Using Directed Molecular Evolution System, MGH Team Develops Broad-Range Cas9 Enzyme Variant from S. aureus That Targets Many Genomic Sites Previously Inaccessible to CRISPR-Cas9 Editing Technology

A team of Massachusetts General Hospital (MGH) investigators has shown that a method they developed to improve the usefulness and precision of the most common form of the gene-editing tools CRISPR-Cas9 RNA-guided nucleases can be applied to Cas9 enzymes from other bacterial sources. In an article published online on November 2, 2015 in Nature Biotechnology, the team reports evolving a variant of SaCas9 - the Cas9 enzyme from the Streptococcus aureus bacteria - that recognizes a broader range of nucleotide sequences, allowing targeting of genomic sites previously inaccessible to CRISPR-Cas9 technology.
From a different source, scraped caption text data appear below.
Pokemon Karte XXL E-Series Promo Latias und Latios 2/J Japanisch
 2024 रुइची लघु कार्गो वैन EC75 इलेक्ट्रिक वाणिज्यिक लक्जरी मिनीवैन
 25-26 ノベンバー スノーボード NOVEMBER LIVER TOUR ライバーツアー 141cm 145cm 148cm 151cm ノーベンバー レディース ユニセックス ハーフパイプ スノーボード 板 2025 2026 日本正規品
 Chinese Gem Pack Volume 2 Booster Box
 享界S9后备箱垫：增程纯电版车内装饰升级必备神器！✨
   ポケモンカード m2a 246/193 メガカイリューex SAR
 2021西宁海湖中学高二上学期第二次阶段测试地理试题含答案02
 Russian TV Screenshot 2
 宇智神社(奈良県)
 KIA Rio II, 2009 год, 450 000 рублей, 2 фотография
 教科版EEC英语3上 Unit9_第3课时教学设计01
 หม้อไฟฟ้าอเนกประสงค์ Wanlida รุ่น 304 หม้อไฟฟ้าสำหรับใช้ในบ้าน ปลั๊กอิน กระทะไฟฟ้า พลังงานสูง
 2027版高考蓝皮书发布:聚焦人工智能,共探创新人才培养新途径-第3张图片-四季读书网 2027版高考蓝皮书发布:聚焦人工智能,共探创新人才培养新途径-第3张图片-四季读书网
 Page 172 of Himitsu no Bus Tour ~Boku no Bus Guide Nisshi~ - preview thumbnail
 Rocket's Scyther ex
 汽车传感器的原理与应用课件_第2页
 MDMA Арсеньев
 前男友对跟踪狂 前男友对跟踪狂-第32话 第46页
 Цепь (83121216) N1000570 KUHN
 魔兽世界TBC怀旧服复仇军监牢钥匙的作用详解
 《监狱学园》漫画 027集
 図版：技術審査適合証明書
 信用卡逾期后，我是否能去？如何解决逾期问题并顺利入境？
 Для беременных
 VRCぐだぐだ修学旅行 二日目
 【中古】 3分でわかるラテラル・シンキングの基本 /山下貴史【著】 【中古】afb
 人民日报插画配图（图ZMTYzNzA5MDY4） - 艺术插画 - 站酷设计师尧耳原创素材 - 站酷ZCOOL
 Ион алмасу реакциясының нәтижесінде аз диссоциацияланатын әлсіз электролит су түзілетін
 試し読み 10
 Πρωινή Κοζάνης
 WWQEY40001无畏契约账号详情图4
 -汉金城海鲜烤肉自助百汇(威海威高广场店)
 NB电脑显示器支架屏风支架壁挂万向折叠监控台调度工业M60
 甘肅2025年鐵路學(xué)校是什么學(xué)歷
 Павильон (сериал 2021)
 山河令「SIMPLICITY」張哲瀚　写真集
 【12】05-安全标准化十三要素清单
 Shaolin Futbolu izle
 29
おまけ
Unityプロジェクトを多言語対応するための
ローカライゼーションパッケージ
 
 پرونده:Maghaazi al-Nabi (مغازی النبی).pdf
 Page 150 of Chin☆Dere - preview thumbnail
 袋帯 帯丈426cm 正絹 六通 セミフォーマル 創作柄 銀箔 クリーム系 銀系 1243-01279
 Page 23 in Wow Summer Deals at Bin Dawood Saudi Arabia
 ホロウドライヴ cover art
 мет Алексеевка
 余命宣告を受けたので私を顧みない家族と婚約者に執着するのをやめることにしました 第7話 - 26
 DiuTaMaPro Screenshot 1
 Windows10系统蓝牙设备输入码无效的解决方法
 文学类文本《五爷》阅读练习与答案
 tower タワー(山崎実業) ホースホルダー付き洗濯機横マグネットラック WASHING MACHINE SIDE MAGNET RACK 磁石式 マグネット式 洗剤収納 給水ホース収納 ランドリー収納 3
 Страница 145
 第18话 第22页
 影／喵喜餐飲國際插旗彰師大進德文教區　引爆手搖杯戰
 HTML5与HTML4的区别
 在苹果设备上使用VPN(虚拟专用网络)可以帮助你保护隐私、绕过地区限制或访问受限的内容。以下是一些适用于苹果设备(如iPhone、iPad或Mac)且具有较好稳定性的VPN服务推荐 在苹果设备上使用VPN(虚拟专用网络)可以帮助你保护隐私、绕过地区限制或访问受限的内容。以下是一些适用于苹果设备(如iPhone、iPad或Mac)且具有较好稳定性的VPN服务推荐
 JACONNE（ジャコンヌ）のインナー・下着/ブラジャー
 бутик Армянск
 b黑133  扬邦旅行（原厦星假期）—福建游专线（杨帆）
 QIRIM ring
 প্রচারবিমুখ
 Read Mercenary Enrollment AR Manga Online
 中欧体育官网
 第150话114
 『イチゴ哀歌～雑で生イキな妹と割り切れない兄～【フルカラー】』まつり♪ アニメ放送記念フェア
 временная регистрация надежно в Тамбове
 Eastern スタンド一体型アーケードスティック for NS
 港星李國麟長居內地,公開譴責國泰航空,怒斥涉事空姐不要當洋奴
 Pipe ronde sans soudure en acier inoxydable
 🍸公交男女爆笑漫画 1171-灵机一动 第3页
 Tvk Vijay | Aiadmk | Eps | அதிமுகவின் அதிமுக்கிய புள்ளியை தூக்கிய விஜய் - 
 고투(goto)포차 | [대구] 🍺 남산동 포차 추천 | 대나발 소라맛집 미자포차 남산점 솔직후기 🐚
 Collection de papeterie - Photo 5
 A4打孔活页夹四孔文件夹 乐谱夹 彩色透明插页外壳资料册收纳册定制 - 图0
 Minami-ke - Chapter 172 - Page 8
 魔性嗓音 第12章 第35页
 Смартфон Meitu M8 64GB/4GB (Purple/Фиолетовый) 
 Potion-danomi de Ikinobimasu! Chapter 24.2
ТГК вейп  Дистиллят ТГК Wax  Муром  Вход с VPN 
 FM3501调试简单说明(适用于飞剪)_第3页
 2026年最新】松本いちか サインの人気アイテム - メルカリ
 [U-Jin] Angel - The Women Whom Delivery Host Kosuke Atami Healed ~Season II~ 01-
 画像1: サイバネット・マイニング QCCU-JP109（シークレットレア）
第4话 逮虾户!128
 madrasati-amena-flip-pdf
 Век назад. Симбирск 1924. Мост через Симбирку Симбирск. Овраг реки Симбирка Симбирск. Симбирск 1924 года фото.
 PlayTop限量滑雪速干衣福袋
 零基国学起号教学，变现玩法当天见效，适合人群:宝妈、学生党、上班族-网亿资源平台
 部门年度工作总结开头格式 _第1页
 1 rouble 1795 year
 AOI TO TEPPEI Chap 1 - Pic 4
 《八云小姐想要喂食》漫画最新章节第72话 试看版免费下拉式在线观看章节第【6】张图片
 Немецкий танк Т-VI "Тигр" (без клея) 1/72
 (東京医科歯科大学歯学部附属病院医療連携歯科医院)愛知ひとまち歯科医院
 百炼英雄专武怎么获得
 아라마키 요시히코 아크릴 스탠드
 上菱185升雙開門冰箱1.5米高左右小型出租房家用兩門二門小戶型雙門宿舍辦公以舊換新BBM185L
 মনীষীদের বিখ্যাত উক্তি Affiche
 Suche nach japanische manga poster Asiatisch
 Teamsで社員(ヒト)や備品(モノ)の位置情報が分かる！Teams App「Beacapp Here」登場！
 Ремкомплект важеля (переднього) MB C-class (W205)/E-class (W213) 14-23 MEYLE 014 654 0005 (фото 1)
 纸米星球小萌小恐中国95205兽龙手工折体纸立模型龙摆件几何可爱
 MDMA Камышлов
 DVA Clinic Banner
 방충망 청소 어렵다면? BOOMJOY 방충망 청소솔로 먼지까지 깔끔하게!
The article is titled “Broadening the Targeting Range of Staphylococcus aureus CRISPR-Cas9 by Modifying PAM Recognition.” "The development of Cas9 variants with a broader targeting range is particularly important for applications requiring precise targeting of genomic sequences," says Benjamin Kleinstiver, Ph.D., a research fellow in the MGH Molecular Pathology Unit and lead and co-corresponding author of the new Nature Biotechnology paper. "In addition, the coding sequence of SaCas9 is 23 percent smaller than that of SpCas9 - the version derived from Streptococcus pyogenes - a size difference that makes SaCas9 advantageous for potential therapeutic applications requiring delivery by viruses." CRISPR-Cas9 nucleases are comprised of a short RNA molecule, 20 nucleotides of which match the target DNA sequence, and a Cas9 bacterial enzyme that cuts the DNA in the desired location. Along with the match between the RNA and DNA sequences, Cas9 needs to recognize an adjacent nucleotide sequence called a protospacer adjacent motif (PAM). In a previous study reported earlier this year in Nature, the MGH team described a genetic system that enabled them to rapidly evolve SpCas9 to recognize different PAM sequences.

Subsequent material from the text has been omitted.